Jack Hobson lives as he has for approximately 50 years, off the waters lakes Clark and Iliamna. Compared to bottled water, lake water is cleaner, he says. But because he lives within 17 miles of the proposed site for the Pebble gold and copper mine, he and the other members of the Nondalton tribal council are worried.
"Water is the giver of life," he said. "We really need to protect our water in the state of Alaska."
Hobson, the president of the Nondalton tribal council, said he's not against mining, but after examining Alaska's track record regarding large scale operations such as the Kensington gold mine in Juneau and the state's water quality standards, he decided to take action. Hobson is the cosponsor for the Alaska Clean Water Initiative, which would hold Northern Dynasty and other mining companies to stricter standards if they want to mine in the state of Alaska.
"If there's going to be mining in Alaska, let's keep the water clean," Hobson said. "All of us depend on water for everything."
Supporters and skeptics showed up at the Alaska Clean Water Initiative rally at Kenai Peninsula College on Saturday to voice opinions, gain more information and add their name to a list of signatures. Dave Atcheson, Kenai Peninsula outreach director for the Renewable Resource Coalition (RRC), said the initiative needs 23,800 signatures by Jan. 1 to be included on the 2008 ballot.

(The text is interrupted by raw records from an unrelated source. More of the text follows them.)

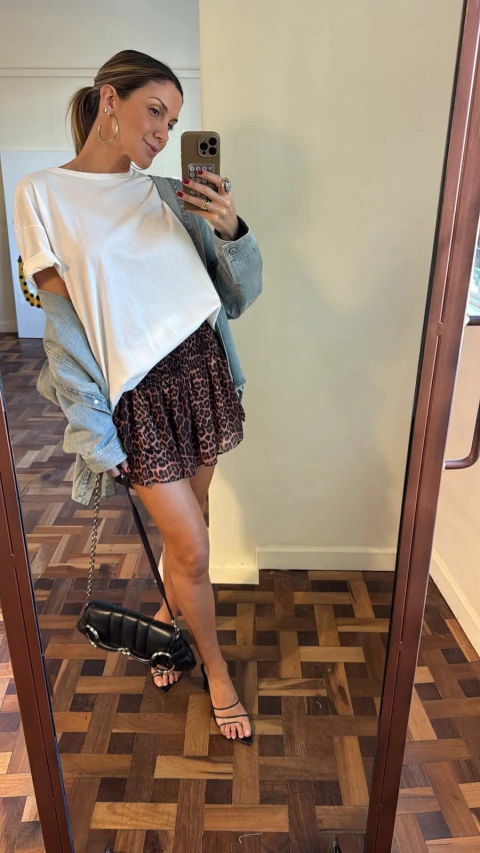 Saia Babado Animal Print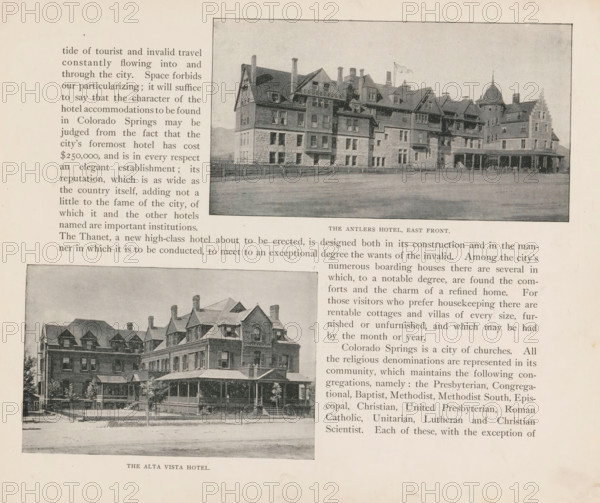 The office, Interior of the Antlers Hotel in Colorado Springs, page, photomechanical print, Colorado Springs, cliché maker: New York Photo-Gravure Company, New York (city), c. 1888 - in or before 1893, photographer, North America, Colorado, paper, autotypie, height 67 mm x width 101 mm, historical persons, office (, administration), A sepia-toned page shows two photographic images of large multi-story hotels with steep gabled roofs, dormer windows, chimneys, and wraparound porches, positioned one above the other on the right and left sides of the page; the upper photograph depicts a long stone and brick building with varied rooflines, a conical tower at one end, a flag flying above, and an open foreground, while the lower photograph shows a different brick hotel with a prominent covered veranda, trees near the entrance, and a street in front; surrounding the photographs are columns of printed text.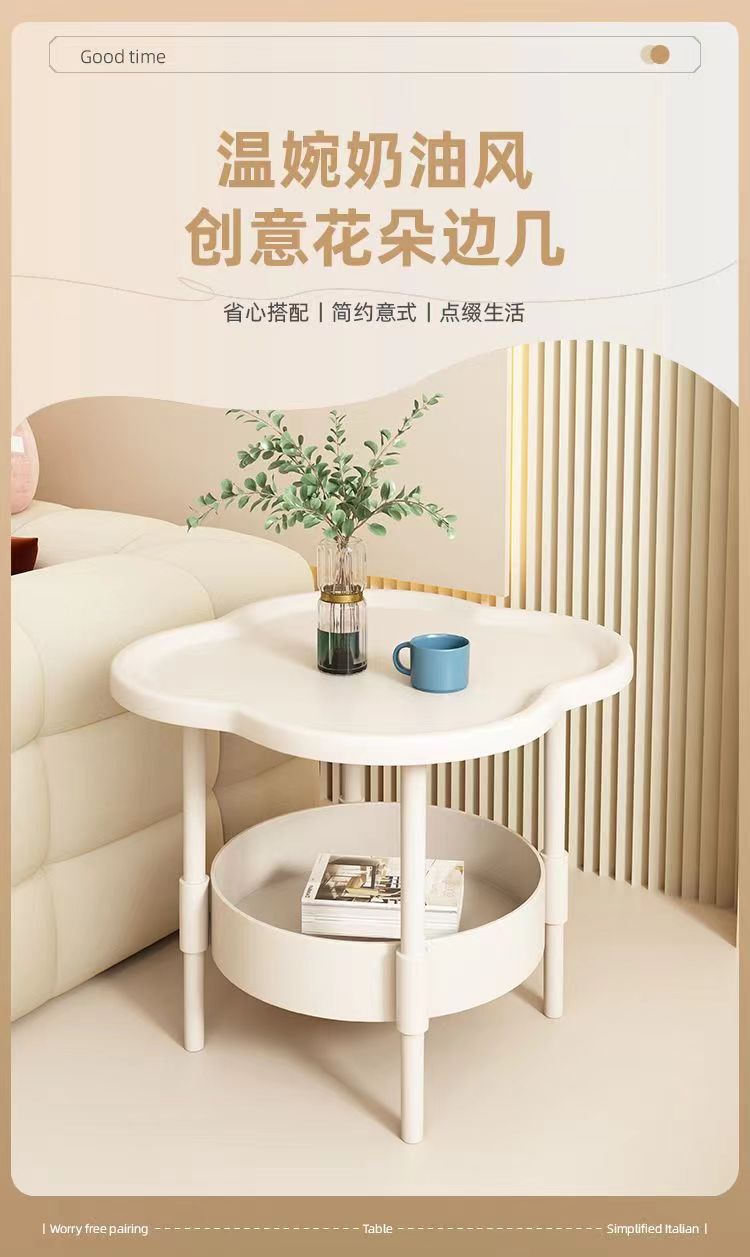 Cream Style Small Coffee Table Creative Side Table Double Layered Modern Simple Sofa Side Cabinet Table Storage rack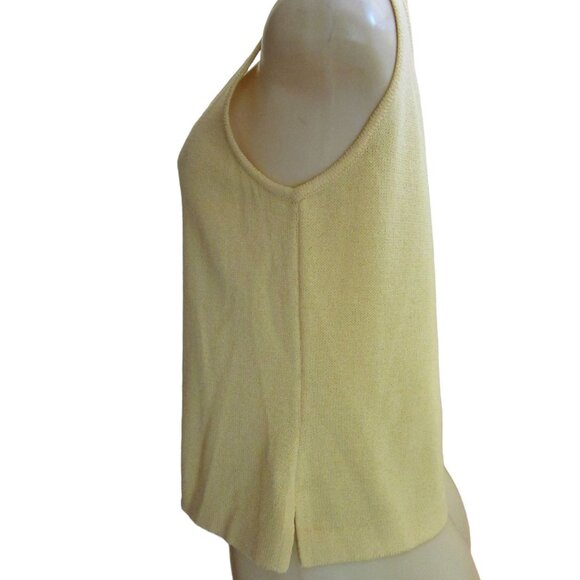 Vintage St John Yellow Knit Sleeveless Top in Yellow, Size P - Picture 3 of 5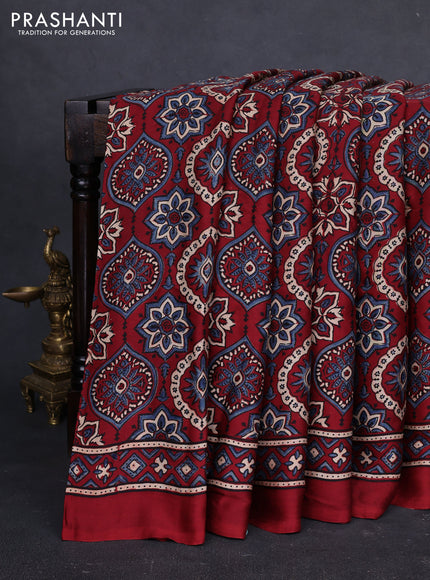 Modal Silk Saree maroon with allover ajrakh prints and printed border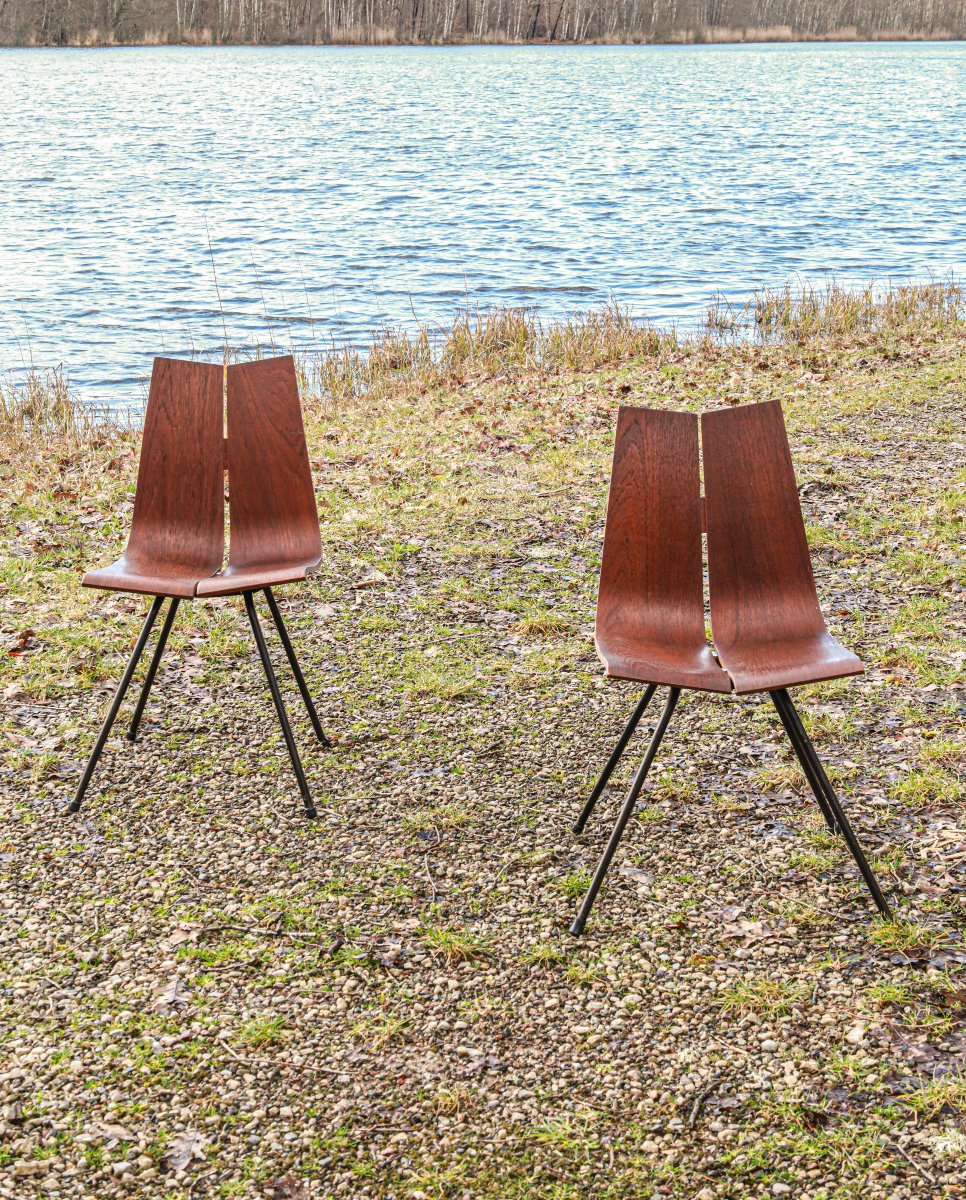 Pair Of Vintage Hans Bellmann 1000 Series Designer Chairs -photo-2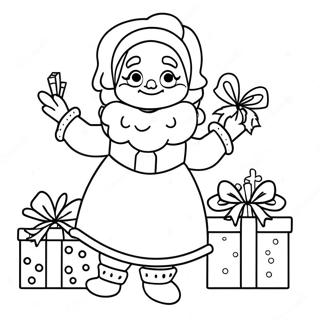 Page De Coloriage De Mme Claus Avec Des Cadeaux De Noel 91201 31110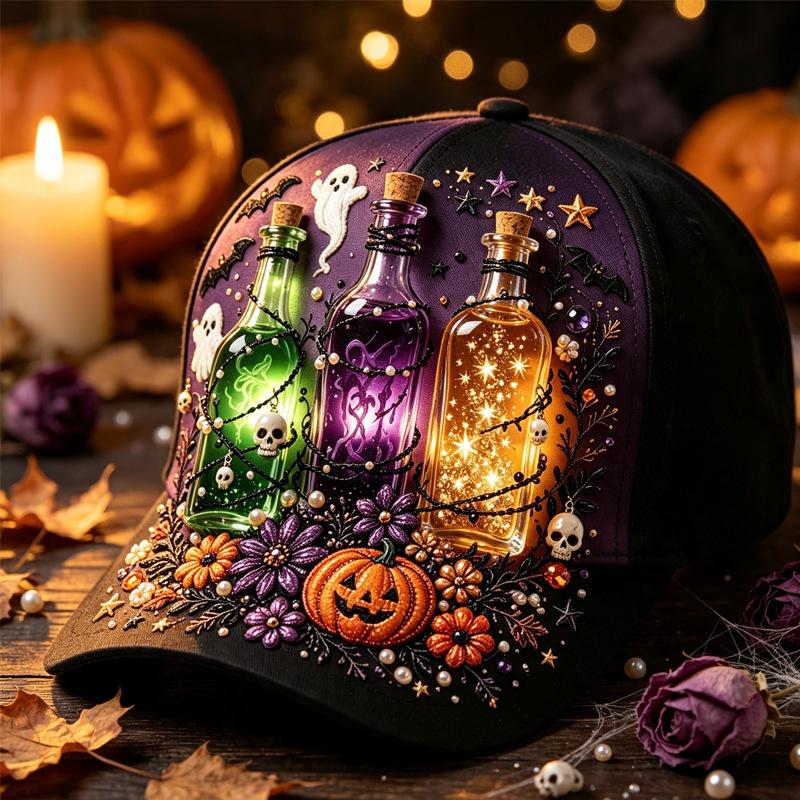 Halloween print baseball cap street accessory hat everyday casual sun hat
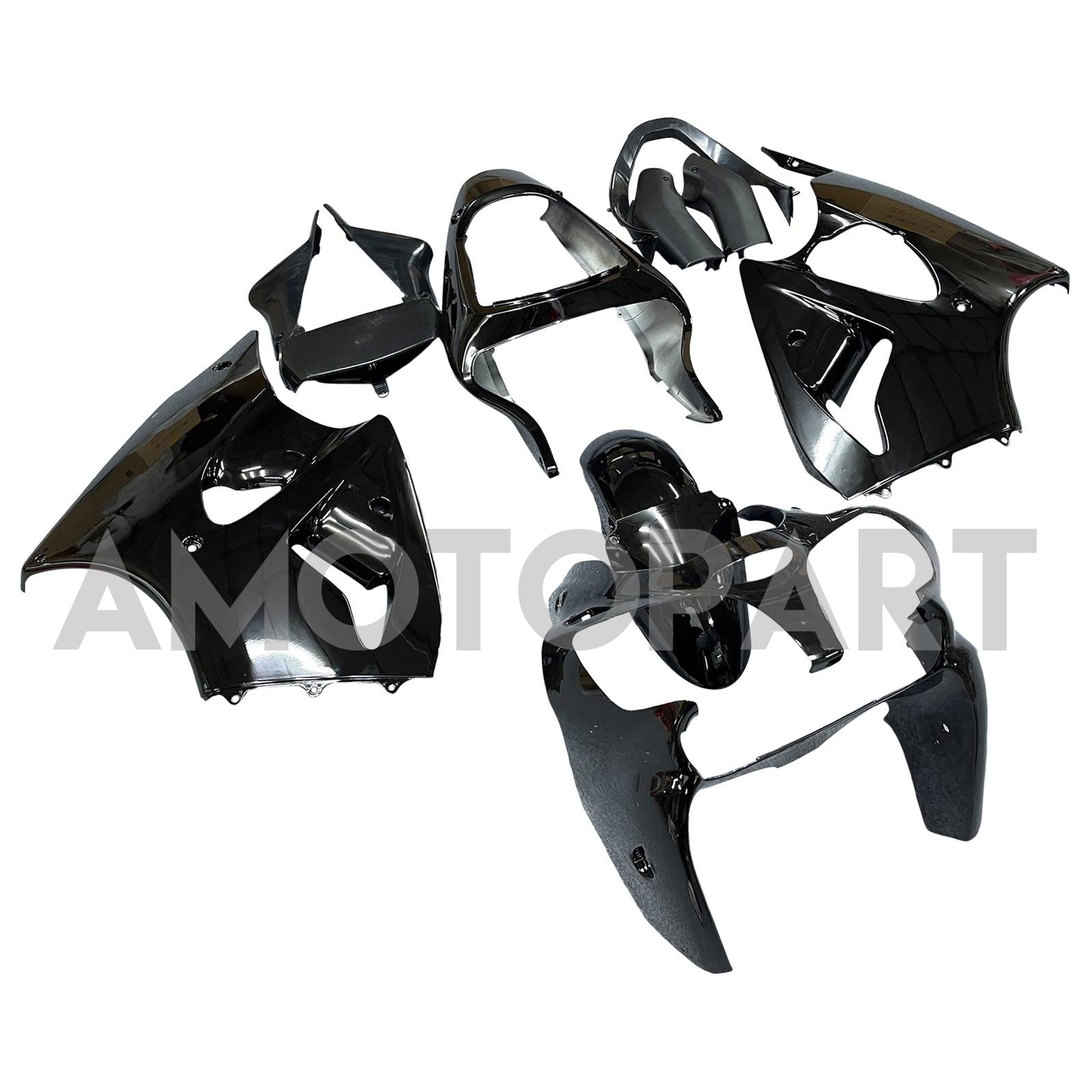 Amotopart Kawasaki 2000-2002 Zx6R 636/ZZR600 2005-2008 Fairing Gloss Black Kit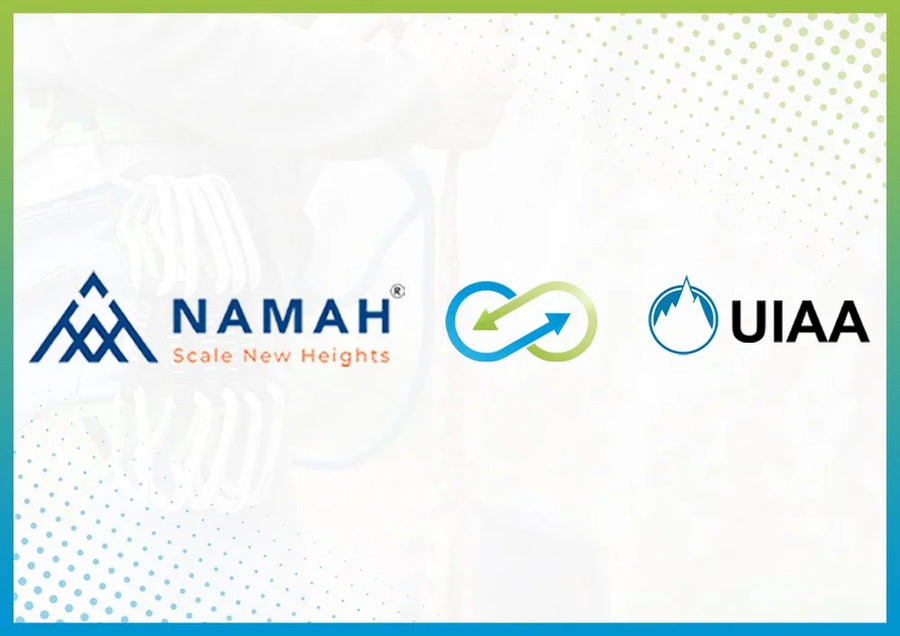 Namah Ropes Collaboration With Uiaa Highlighting Certified Safety Standards And Commitment To Quality In Climbing And Mountaineering Equipment.
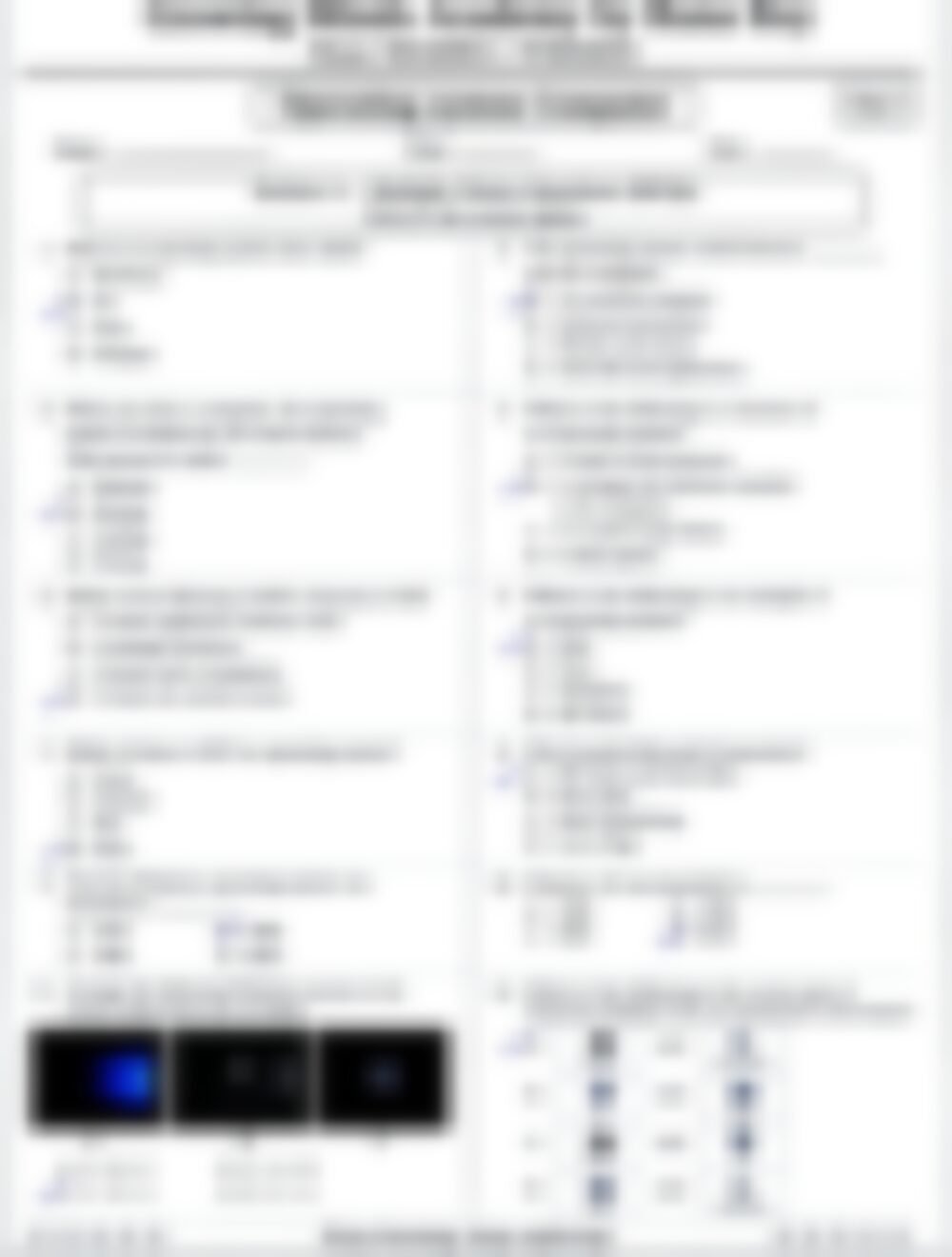 Class 3 Computer Worksheet: Operating System (Set 1) - page 1 preview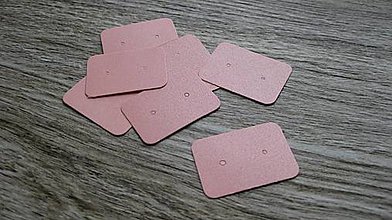 Obalový materiál - Karta na napichovacie náušnice, 10 ks (ružová matná perleť) - 11535901_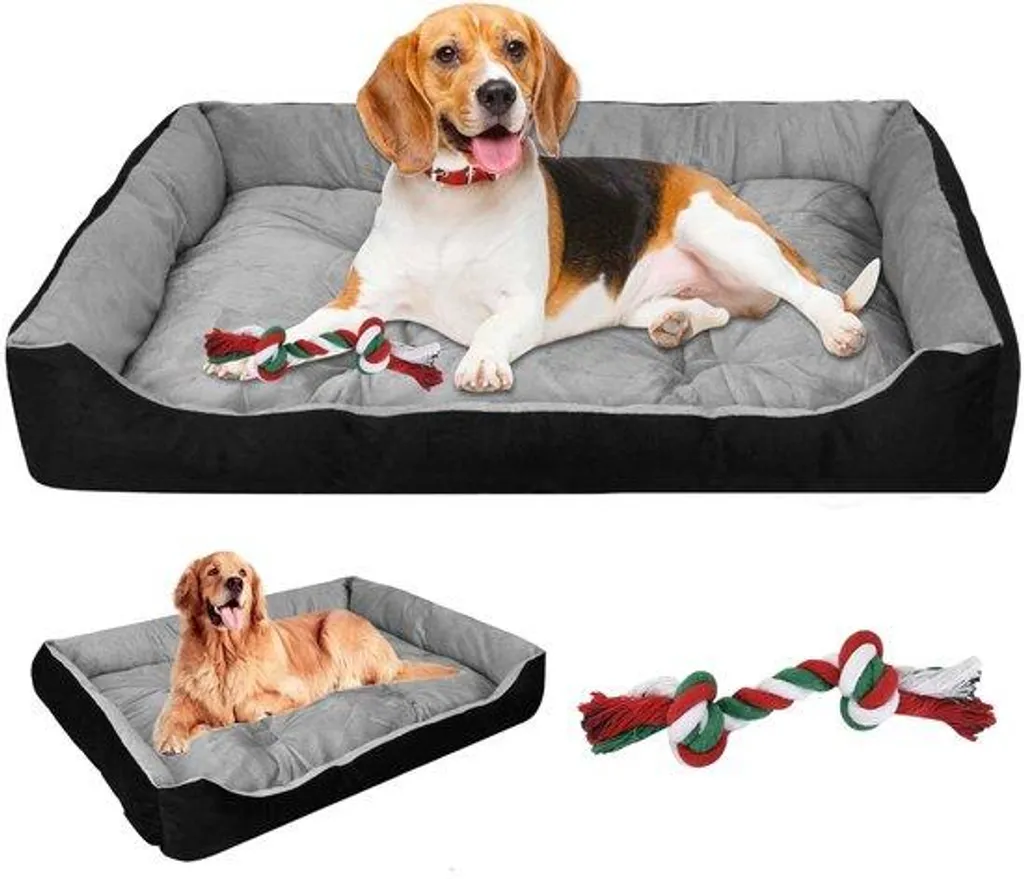 Couchage Chien Grande Taille Lit Moelleux en Peluche 90x70cm Anthracite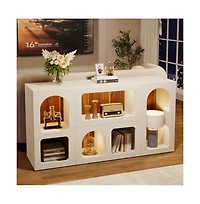 Slickblue Sofa Console Table with Storage Shelves, Wooden Entryway Organizer Table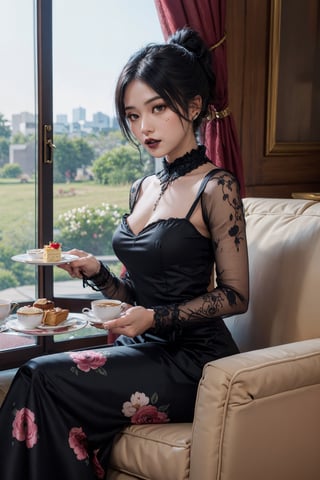 beautiful (goth:1.4) woman, edgVTD, (wearing edgVTD:1.4), dark floral print, collared dress, formal dress attire, perfect hair, ponytail, looking at viewer, teasing viewer, (afternoon tea:1.2), full body, (masterpiece),
,Indonesiadoll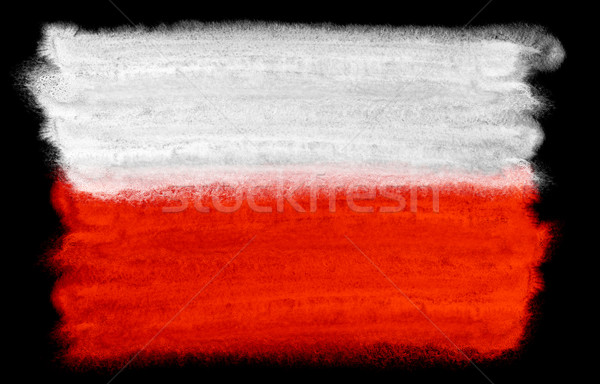 Polen vlag illustratie aquarel achtergrond kunst Stockfoto © prill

"(We're going to) convince people to collect signatures," he said. "There are currently 20 people collecting, I hope we can get more."
Steve Schoonmaker, a commercial fisherman and hunting guide, fished and hunted in the Lake Clark and Bristol Bay areas since the 1970s. Sporting a cap that depicting a rainbow trout over a pot of gold saying Rainbows Over Gold, he said he supports the initiative because it would give the people of the state of Alaska more of a say. It's not just the mine that would have an impact on the region, it's the roads and anything else that goes with it, he said.
"It's time for us to have a say in things," he said. "This either could be the last place to do it wrong and the first place to do it right."
D.J. and Joel Blatchford said as Alaska Natives they've owned land in the Bristol Bay region since "time immemorial." Not necessarily opposed to something that will create jobs in that region, D.J. Blatchford wondered what the point of the rally was.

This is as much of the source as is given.